Lipman's rhetoric of moderation extends to other areas that have been contentious in the haredi world as well, one being the status of women. As eight of the nineteen members of Yesh Atid are are female, the Huff Post was curious how an ultra Orthodox rabbi views the role of women in public life. Lipman's response was revealing.
"We have to separate between two things, halacha [Jewish law] and way things have been done. The latter is not ironclad, can be adjusted and adapted." He went on to cite what he sees as the "classic example" of this in the education of women in the Jewish world and the opening of the Beis Yaakov network of Jewish schools for women under the auspices of Rabbi Israel Meir Ha-Cohen. Lipman explained that "as world opened doors to women," that if there weren't schools for them, the "system will be lost" so there was "an adjustment." Now Lipman says that "Women are leaders. Women are full and capable" and are "able to be the greatest of leaders." He is glad to have so many women in his party, of the 27 women currently in Knesset, and appreciates "having woman leading the way on these issues." Lipman sees this current role for women, unlike most of his haredi compatriots, as "adapting, not breaking any law" and cited the biblical precedent of the judge Deborah (Judges 4-5) as an example of women's leadership that people "totally comfortable with."
Lipman's first piece of legislation is one that relate to "core Jewish values that people from a broad range of parties can relate around," in this case cruelty to animals. He is trying to pass legislation banning the import of foie gras, which is produced when animals are force fed and their livers are distended. It is already illegal to produce the product in Israel (as in California), and he is beginning the process of forbidding it altogether in his homeland.
When queried as to his views on religion and politics, he said that "religion should be separate from politics but not from the state. We define ourselves as a Jewish state, but also Jewish and democratic state."

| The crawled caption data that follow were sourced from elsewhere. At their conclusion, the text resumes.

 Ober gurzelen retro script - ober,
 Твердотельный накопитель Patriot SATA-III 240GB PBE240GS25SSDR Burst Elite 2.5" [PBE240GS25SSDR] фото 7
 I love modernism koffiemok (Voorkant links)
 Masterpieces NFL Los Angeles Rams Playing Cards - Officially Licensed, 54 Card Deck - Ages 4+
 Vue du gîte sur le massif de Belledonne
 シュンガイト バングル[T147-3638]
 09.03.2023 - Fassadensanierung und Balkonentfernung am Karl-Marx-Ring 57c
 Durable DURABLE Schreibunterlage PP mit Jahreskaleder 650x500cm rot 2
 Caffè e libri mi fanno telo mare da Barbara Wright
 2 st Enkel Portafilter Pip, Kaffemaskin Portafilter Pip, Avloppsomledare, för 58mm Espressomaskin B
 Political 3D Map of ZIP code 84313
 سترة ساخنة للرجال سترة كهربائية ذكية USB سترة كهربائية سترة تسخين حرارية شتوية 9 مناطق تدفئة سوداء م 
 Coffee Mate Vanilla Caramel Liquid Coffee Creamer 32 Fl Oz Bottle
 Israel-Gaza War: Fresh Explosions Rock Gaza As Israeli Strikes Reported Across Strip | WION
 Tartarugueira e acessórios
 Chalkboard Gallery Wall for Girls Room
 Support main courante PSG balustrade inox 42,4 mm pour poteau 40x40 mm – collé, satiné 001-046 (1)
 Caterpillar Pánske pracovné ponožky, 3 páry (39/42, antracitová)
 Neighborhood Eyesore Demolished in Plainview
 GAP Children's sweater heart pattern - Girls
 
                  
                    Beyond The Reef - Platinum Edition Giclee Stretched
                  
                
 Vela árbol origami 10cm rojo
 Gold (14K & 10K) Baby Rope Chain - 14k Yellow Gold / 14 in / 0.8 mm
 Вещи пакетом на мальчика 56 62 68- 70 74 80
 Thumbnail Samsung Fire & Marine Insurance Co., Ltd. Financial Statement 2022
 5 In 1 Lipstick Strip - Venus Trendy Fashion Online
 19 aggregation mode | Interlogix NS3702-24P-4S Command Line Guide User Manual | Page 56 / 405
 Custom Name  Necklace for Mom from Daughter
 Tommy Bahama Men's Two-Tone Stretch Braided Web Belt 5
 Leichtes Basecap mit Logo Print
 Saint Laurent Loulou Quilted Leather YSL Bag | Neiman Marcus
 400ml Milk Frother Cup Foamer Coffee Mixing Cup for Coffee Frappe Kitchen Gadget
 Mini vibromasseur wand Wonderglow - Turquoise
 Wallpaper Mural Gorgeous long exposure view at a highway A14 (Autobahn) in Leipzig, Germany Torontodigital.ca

"I can't force what I believe on someone else. I can't force something on others in a Jewish and democratic country."
Though Lipman no longer holds an American passport, he see that his "American values" have "given me the opportunity and desire to do this." He says the values he learned in the U.S., such as "tolerance" and being able to "live at peace even if we disagree," have contributed to who he is today. He dislikes the haredi "us vs. them" mentality and speaks fondly of non-Orthodox family members from his father's side of the family, since his father's parents became Orthodox when his father was in high school. He says they are "respectful of us and we are respectful of them. Even if I believe that the other approach is wrong, it is not a negative influence on us." Lipman is looking forward to continuing to use his American values in politics rather than his prior career of education in the future since he has "learned that real change happens in politics." It remains to be seen what other changes than those of his passport will come of Lipman's tenure in the Knesset.
He will be at the 92 Street Y in New York on April 11, among other public events.